Senin, 6 April 2015
18:2 Ia berkata: "Aku mengasihi Engkau, ya TUHAN, kekuatanku!
18:3 Ya TUHAN, bukit batuku, kubu pertahananku dan penyelamatku, Allahku, gunung batuku, tempat aku berlindung, perisaiku, tanduk keselamatanku, kota bentengku!
18:4 Terpujilah TUHAN, seruku; maka akupun selamat dari pada musuhku.
18:47 TUHAN hidup!
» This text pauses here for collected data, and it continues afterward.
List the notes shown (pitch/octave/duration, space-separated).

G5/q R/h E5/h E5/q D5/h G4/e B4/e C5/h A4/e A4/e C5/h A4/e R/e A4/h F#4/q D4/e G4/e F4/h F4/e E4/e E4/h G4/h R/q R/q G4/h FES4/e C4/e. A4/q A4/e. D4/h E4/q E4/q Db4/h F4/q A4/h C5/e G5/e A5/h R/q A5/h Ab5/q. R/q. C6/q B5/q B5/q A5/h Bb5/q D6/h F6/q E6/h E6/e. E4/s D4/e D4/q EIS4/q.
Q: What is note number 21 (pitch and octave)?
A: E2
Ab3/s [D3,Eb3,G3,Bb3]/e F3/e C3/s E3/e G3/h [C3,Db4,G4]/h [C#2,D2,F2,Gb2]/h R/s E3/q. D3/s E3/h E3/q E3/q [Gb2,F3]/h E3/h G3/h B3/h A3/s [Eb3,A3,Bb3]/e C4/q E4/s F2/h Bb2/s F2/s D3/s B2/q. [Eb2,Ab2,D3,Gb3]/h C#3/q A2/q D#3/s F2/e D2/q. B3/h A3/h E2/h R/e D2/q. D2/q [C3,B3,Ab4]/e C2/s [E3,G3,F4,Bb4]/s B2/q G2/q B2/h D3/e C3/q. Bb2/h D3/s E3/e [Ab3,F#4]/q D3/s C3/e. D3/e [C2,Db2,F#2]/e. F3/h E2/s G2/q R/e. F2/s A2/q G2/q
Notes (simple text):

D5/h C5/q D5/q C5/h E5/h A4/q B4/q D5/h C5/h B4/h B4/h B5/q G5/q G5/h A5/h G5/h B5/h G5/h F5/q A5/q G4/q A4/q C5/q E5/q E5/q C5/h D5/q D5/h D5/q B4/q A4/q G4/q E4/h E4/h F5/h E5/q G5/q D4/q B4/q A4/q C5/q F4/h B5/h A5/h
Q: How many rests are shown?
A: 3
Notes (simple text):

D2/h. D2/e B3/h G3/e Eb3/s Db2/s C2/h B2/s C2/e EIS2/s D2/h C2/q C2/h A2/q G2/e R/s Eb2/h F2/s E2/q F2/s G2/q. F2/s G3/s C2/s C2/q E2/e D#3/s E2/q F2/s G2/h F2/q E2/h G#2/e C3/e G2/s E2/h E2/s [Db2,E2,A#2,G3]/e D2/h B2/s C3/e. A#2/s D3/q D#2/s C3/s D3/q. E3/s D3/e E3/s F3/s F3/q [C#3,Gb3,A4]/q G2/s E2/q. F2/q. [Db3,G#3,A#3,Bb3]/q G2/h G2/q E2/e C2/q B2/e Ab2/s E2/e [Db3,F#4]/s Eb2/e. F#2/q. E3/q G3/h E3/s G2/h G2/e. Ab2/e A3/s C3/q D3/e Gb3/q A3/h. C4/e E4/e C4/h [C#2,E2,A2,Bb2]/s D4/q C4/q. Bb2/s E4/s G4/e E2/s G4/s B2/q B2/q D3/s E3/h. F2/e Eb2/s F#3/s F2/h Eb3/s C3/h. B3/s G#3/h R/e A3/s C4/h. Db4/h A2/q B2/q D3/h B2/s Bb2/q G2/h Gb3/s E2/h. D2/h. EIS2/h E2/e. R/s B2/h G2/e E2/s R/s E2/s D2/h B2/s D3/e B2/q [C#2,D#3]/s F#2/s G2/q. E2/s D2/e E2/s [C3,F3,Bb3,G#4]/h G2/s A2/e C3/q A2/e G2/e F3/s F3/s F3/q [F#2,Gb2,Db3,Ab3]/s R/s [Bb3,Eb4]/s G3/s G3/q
Terpujilah gunung batuku, dan mulialah Allah Penyelamatku,
Dikutip dari Alkitab Terjemahan Baru Indonesia (c) LAI 1974
Ya TUHAN, bukit batuku, kubu pertahananku dan penyelamatku. —Mazmur 18:3
Saya dan istri sama-sama mempunyai nenek yang berusia lebih dari 100 tahun. Ketika berbicara dengan mereka dan teman-teman mereka, saya mengenali suatu tren yang umumnya dilakukan kaum lansia saat mengenang suatu peristiwa: Mereka mengingat masa-masa sulit dengan perasaan nostalgia. Para lansia itu bergantian menceritakan pengalaman di masa Perang Dunia II dan Depresi Besar; mereka dengan gembira berbicara tentang kesulitan-kesulitan seperti badai salju, kamar kecil di masa kanak-kanak yang terletak di luar rumah, dan pengalaman kuliah mereka ketika harus makan sup kalengan dan roti basi selama 3 minggu berturut-turut.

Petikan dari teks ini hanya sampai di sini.